Nationalgeographic.co.id—"Kita akan lelang hari ini empat puluh budak," ujar seorang lelaki berlogat Aceh dengan lantang. Ia menyeruak berdiri di tengah kerumuman orang-orang di pasar. Bajunya yang berwarna merah tampak begitu mencolok sehingga ia menjadi pusat perhatian.
"Budak yang bisa Anda pakai siang malam. Budak terbaik yang kami ambil dari negeri-negeri semenanjung." Kemudian, sembari membawa jam pasir dan pedangnya, ia mewanti-wanti, "Hati-hati, jaga uang Anda."

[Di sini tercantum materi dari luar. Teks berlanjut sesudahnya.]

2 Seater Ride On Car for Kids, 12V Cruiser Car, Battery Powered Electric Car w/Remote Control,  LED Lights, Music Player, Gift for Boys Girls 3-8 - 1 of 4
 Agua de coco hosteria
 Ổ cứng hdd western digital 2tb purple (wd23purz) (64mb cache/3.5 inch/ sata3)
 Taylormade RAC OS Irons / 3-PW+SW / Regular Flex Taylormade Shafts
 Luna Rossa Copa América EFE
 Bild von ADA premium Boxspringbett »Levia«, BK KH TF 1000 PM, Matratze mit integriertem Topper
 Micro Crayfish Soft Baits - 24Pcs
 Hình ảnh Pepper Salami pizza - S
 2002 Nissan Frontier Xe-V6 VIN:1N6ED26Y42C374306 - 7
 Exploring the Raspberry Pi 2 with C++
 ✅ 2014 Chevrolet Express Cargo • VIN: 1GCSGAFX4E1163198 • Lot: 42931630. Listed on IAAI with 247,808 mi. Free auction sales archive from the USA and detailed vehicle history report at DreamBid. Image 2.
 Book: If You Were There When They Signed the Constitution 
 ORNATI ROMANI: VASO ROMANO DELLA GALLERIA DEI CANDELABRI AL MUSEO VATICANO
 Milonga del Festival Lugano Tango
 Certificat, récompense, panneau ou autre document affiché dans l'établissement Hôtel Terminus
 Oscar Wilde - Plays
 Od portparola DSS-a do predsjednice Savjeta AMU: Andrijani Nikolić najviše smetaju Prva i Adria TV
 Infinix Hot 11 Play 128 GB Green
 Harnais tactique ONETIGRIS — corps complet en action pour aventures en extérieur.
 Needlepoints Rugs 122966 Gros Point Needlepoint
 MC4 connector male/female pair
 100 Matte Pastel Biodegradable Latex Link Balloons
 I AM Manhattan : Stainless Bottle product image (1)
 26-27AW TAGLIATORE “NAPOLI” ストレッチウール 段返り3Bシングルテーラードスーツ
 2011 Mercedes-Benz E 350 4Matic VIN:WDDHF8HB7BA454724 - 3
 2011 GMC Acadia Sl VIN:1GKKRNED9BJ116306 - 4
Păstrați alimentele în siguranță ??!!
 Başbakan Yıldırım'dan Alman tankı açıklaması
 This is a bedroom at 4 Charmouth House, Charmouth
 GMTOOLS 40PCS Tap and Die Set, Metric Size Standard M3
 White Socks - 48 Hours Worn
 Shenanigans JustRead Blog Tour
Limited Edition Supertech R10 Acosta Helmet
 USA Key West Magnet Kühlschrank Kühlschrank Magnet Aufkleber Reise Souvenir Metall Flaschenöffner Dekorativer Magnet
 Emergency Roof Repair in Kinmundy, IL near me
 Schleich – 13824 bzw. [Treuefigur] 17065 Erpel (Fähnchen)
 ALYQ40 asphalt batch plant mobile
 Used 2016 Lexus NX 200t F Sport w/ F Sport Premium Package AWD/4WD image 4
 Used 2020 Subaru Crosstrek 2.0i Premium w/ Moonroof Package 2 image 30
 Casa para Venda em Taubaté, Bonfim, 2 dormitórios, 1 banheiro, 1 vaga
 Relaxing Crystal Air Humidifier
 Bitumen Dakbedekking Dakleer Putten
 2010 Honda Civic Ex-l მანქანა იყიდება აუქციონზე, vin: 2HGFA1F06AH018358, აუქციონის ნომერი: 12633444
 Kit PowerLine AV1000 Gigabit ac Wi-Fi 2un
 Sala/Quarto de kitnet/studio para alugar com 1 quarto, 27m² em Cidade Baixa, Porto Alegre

Lelaki berbaju merah itu berkata dengan lantang bahwa merica Aceh Darussalam tumbuh di sepanjang pantai barat. Rempah itu ditanam dengan tangan-tangan halus yang tidak pernah terkena sinar matahari, dan dipanen oleh tangan-tangan kuat yang setiap hari memukul baja. "Ya, kami menjadi produsen ketiga di dunia," ujarnya. "Kerajaan Aceh Darussalam, setelah Turki Usmani, dan Goa di India."
Sembari mengempit rokok dengan bibirnya, ia berujar, "Hari ini kita kedatangan banyak pedagang asing untuk melihat apakah benar merica terbaik ada di Aceh Darussalam," ujarnya. "Kita mulai. Harga kami buka dengan empat dirham atau seribu dua ratus dolar Spanyol untuk satu pikul. Silakan!"
Para pedagang dari berbagai bangsa memulai penawaran mereka. Seorang pedagang memberikan penawaran pertama sebesar 50 dirham. Kemudian para pedagang lain memberikan penawaran berikutnya berturut-turut 100 dirham, 125 dirham, 500 dirham. Seorang perempuaan bangsawan Aceh berani memberikan penawaran sebesar lebih tinggi, sementara itu istri bangsawan Sabang tak mau kalah.
Ketika lelang berlangsung, pengemis-pengemis berkeliaran di sudut-sudut pasar. Kadang kehadiran mereka begitu mengganggu, sehingga kerap dihardik dan diusir oleh pedagang. Pada zaman itu pun masyarakat Aceh menganggap pekerjaan mengemis merupakan pekerjaan yang hina.
Ada aturan pada zaman itu tentang tata cara singgah di bandar. Di pasar rempah itu setiap pedagang yang hendak memasuki pelabuhan Aceh Darussalam harus mendapat izin dari Sultan. Hanya para pedagang yang telah mendapat surat berstempel kesultanan yang diizinkan melanjutkan aktivitas dagangnya di negeri itu. Mereka bisa berdagang, mengikuti lelang, tinggal, bahkan membangun pos dagang.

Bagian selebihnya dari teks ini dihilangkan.